Notice that there appears to be some confusion about whether we are going to provide them an "interface" or a "specification" document -- these are very, very different levels of GUI design, and the more visual the GUI design (e.g., detailed physical-display design), the more rework will have to be done if they say they cannot support something. From experience that is why I am using my iterative design process -- resolving the higher-level issues without doing visual design yields a "specification" document that makes it much easier to change when the developers say "No!" to something. At this point it definitely sounds like the GUI logical-design level (i.e, task-flow specifications) would be the appropriate deliverable, but if we could get feedback on the conceptual design (next after architectural design), that would be best!

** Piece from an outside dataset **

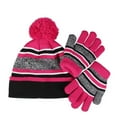 thumbnail image 2 of Pyhlmscde Women's Striped Velvet Warm Hat Gloves Two Piece Set, Winter Hats for Women, Winter Gloves, Womens Hat, 2 of 5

Subject: Re: [dev-biblio] Initial comments on OOoBib UI Architectural Design 2.0 From: "Bruce D'Arcus" <[EMAIL PROTECTED]> Date: Sat, 26 Feb 2005 20:36:52 -0500 To: dev@bibliographic.openoffice.org

To:
dev@bibliographic.openoffice.org


I wrote this before David responded, but will send nonetheless.

On Feb 26, 2005, at 4:23 PM, Matthias Basler wrote:

I simply want to avaoid that Martha builds a nice GUI concept with us ... and at
the end the actual coders tell us they cannot do this or that in a reasonable
time frame or cannot do other things at all.


So, is the feedback from the potential coders ensured?


We still can't tell you who is going to code the GUI, nor how.

I think if we don't show people how it ought to be done, however, it won't ever happen. It's easier to scale back based on the realities of context -- and be explicit about the compromises you are making -- than to start with a compromised design.

Also, OOo is itself a bit of moving target. 2.0 adds XForms support, for example. It's currently aimed more at end users, but I happen to believe it could be expanded to make things easier for developers as well.

So, I'm not too worried about this issue.

I understand, Bruce -- but I have little interest in spending time doing rework. ;-) Thus it is critically important that we have a strong sense of what is supportable in the GUI before doing the lower-levels of GUI design.